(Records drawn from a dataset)
%%

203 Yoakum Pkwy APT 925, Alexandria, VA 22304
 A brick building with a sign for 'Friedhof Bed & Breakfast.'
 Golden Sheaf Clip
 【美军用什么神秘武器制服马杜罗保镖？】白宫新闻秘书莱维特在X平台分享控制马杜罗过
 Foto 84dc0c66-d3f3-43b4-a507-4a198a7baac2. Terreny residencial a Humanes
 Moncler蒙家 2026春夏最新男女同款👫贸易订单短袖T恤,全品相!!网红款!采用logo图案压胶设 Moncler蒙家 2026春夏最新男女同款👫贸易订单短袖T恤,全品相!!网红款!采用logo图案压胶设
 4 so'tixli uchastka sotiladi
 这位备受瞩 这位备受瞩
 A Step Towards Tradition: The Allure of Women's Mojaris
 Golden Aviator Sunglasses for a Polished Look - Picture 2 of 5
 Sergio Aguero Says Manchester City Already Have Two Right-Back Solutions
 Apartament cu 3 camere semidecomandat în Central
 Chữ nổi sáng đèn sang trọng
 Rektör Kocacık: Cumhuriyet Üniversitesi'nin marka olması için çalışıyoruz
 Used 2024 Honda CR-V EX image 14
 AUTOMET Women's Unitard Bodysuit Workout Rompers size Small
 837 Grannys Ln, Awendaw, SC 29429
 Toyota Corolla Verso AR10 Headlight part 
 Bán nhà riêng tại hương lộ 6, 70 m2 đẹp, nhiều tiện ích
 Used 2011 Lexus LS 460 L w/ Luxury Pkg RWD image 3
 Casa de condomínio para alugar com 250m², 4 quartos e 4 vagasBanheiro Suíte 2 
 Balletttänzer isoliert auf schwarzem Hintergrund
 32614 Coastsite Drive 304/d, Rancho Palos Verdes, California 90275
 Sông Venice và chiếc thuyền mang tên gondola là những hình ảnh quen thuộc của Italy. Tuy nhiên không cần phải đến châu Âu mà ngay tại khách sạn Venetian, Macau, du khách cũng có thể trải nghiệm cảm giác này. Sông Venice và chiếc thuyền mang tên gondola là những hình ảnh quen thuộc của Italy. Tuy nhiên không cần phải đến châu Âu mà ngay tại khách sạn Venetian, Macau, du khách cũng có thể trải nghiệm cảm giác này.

%%

• [DIRECTIONS FOR THIS TASK] Copy out each line of the records where the string "image" appears.

• [WRITTEN RESPONSE]
 Used 2024 Honda CR-V EX image 14
 Used 2011 Lexus LS 460 L w/ Luxury Pkg RWD image 3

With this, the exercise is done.